* [The task]: Please set down every record exactly as it appears below.

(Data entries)
*** Block opens ***
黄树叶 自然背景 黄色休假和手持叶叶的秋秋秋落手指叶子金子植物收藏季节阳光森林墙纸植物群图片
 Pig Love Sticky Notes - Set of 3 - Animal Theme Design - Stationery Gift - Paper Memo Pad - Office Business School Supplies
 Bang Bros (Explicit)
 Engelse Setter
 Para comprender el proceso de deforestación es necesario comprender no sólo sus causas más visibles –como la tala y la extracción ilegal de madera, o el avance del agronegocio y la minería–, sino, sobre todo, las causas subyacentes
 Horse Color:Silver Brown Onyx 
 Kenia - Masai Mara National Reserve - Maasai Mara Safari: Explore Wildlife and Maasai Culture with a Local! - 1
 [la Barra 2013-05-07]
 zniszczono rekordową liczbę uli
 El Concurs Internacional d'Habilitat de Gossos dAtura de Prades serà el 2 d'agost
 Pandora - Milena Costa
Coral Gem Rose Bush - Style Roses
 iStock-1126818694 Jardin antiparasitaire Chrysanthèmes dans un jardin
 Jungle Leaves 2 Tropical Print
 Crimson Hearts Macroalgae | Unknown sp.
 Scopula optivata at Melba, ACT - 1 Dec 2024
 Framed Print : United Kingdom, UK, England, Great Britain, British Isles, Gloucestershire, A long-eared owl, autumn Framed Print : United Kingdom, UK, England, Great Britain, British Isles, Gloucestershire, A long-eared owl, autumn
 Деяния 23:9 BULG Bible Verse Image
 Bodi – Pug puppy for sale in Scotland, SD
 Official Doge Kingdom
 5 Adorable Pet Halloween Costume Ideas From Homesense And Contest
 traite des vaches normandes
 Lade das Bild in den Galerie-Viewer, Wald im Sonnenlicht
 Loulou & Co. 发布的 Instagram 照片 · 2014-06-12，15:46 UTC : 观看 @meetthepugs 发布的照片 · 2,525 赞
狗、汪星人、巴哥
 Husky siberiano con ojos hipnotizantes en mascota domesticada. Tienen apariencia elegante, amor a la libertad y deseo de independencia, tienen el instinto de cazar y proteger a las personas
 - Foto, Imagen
*** Block closes ***
* [Answer for the task]:
黄树叶 自然背景 黄色休假和手持叶叶的秋秋秋落手指叶子金子植物收藏季节阳光森林墙纸植物群图片
 Pig Love Sticky Notes - Set of 3 - Animal Theme Design - Stationery Gift - Paper Memo Pad - Office Business School Supplies
 Bang Bros (Explicit)
 Engelse Setter
 Para comprender el proceso de deforestación es necesario comprender no sólo sus causas más visibles –como la tala y la extracción ilegal de madera, o el avance del agronegocio y la minería–, sino, sobre todo, las causas subyacentes
 Horse Color:Silver Brown Onyx 
 Kenia - Masai Mara National Reserve - Maasai Mara Safari: Explore Wildlife and Maasai Culture with a Local! - 1
 [la Barra 2013-05-07]
 zniszczono rekordową liczbę uli
 El Concurs Internacional d'Habilitat de Gossos dAtura de Prades serà el 2 d'agost
 Pandora - Milena Costa
Coral Gem Rose Bush - Style Roses
 iStock-1126818694 Jardin antiparasitaire Chrysanthèmes dans un jardin
 Jungle Leaves 2 Tropical Print
 Crimson Hearts Macroalgae | Unknown sp.
 Scopula optivata at Melba, ACT - 1 Dec 2024
 Framed Print : United Kingdom, UK, England, Great Britain, British Isles, Gloucestershire, A long-eared owl, autumn Framed Print : United Kingdom, UK, England, Great Britain, British Isles, Gloucestershire, A long-eared owl, autumn
 Деяния 23:9 BULG Bible Verse Image
 Bodi – Pug puppy for sale in Scotland, SD
 Official Doge Kingdom
 5 Adorable Pet Halloween Costume Ideas From Homesense And Contest
 traite des vaches normandes
 Lade das Bild in den Galerie-Viewer, Wald im Sonnenlicht
 Loulou & Co. 发布的 Instagram 照片 · 2014-06-12，15:46 UTC : 观看 @meetthepugs 发布的照片 · 2,525 赞
狗、汪星人、巴哥
 Husky siberiano con ojos hipnotizantes en mascota domesticada. Tienen apariencia elegante, amor a la libertad y deseo de independencia, tienen el instinto de cazar y proteger a las personas
 - Foto, Imagen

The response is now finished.